Bisakah Indonesia Menganut Sistem Khilafah?

Sumber gambar: Cabarus.com

Pertanyaan mengenai apakah Indonesia bisa menganut sistem negara Khilafah bukanlah persoalan baru. Banyak organisasi dan tokoh pemikir di Indonesia telah lama bergumul dengan istilah ini, termasuk Cak Nur, Gus Dur, dan Muhammad Abduh. Di Indonesia, beberapa kelompok seperti Negara Islam Indonesia (NII), juga dikenal sebagai Darul Islam (DI), pernah mencoba mendirikan negara berdasarkan Khilafah. Darul Islam diproklamasikan pada 7 Agustus 1949 oleh Sekarmadji Maridjan Kartosoewirjo di Tasikmalaya, Jawa Barat (Irfan S. Awwas, 2009).

Majelis Mujahidin Indonesia (MMI), yang lahir dari Kongres Mujahidin I di Yogyakarta pada 5-7 Agustus 2000, juga merupakan organisasi yang menginginkan penerapan Syariat Islam di Indonesia. Kongres ini dihadiri lebih dari 1.800 peserta dari 24 provinsi di Indonesia dan beberapa utusan dari luar negeri. Kongres ini menghasilkan mandat kepada 32 tokoh Islam Indonesia yang tergabung dalam Ahlul Halli wal Aqdi (AHWA) untuk melanjutkan misi penegakan Syariat Islam melalui wadah yang dikenal sebagai Majelis Mujahidin (Irfan Suryahardi Awwas, 2001). Organisasi lain seperti Hizbut Tahrir Indonesia (HTI) juga tak ketinggalan dalam memperjuangkan ide Khilafah.

Dari berbagai literatur yang penulis pelajari, dapat disimpulkan bahwa Indonesia tidak mungkin menganut sistem Khilafah.
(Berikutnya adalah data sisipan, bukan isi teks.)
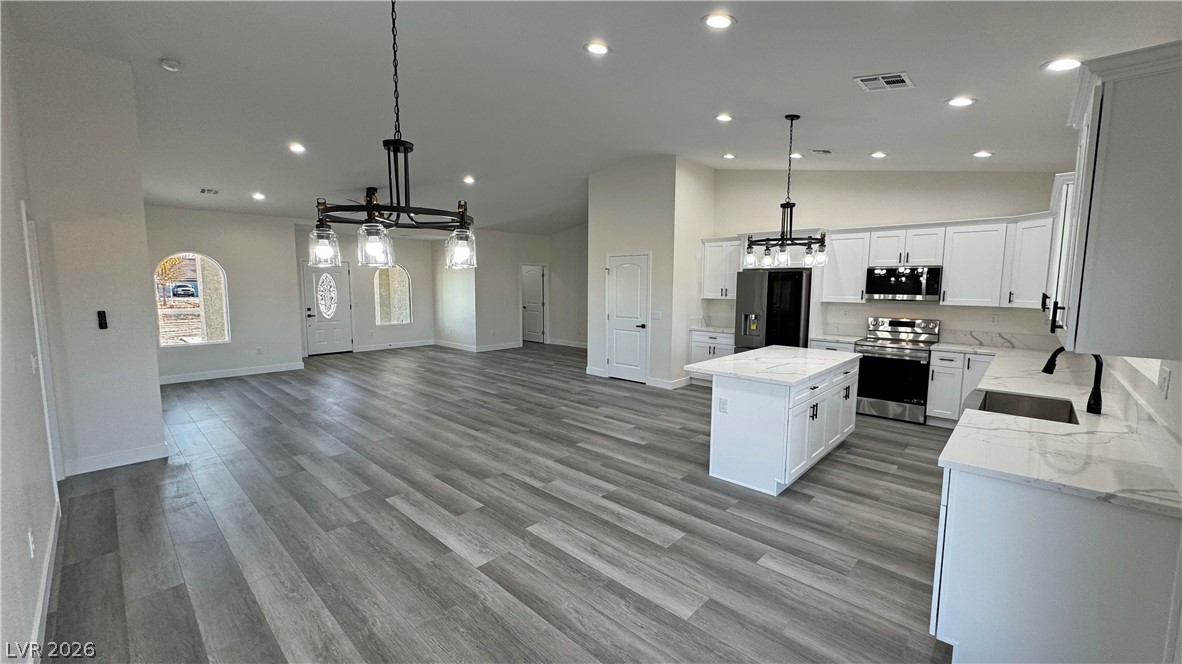 2111 West Carnation Way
Hal ini disebabkan oleh fakta bahwa cita-cita HTI untuk menegakkan Khilafah di Indonesia, dengan menggantikan sistem demokrasi yang ada, bertentangan dengan realitas sosial, politik, dan hukum yang berlaku di Indonesia. Ide HTI bukan hanya menegakkan Syariat Islam, tetapi juga mengubah sistem pemerintahan secara total.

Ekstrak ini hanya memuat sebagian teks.